Meet Veil, a young woman that awakens naked and underground in a subway station. Rats are abundant. Memory loss is evident. Foul play and the occult seems to be involved, and the young woman seems to have power beyond that of normal human beings. Oh, she also has a penchant for speaking rhymes in a delusional manner. As Veil emerges out into society, we are now on the journey of trying to discover why, whom, and what happened to her.
While the premise seems very familiar and atypical, writer Greg Rucka is clearly flexing different writing muscles for this series. His pacing is much more tempered than in his other comic book series by allowing the reader to marinate more into the setting. It takes almost seven pages for Veil to awake and emerge out of the subway station into society, but it never feels sluggish because as the character Veil becomes acclimated to her surroundings, so too does the reader as we carefully observe her realizations from panel to panel.
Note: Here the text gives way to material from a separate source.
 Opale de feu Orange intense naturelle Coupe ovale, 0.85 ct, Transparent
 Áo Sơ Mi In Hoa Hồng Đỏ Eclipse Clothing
With a simple story guide to follow, Rucka dedicates more on describing details and scenarios to entice the reader. His dialogue is limited to the innocent, child-like rhyming that Veil speaks as she seemingly ignores any sort of formal societal structures of communication and the good samartianism of Dante, who comes to Veil’s aide as the city scumbags gawk and flock towards her unclothed body. There isn’t any spectacular wit or jokes in the dialogue, except in some of the rhyming tangents that Veil goes off on, and that’s fine. The dialogue still comes off as honest and doesn’t detract from enjoying the story.
The true star of Veil #1 is the artwork of Toni Fejzula. His composition and style in every panel commands your attention, if not for awe, or at least curiosity. The perspectives for each panel are intelligent and his ability to portray expressions are both haunting and genuine. He masterfully renders Veil with a creepy, doll-like expression as she speaks in rhymes and still able to carry visual emotions for the rest of the cast of characters in the book. His pages and layouts are beyond pretty and make an other-wise, typical amnesia story into something much, much more.
So far, this debut issue appropriately stokes enough curiousity to jump on board. Greg Rucka’s story is interesting enough to stoke the fire for horror fans and Toni Fejzula’s unconventional visual art style elevates your interest beyond what you may have expected.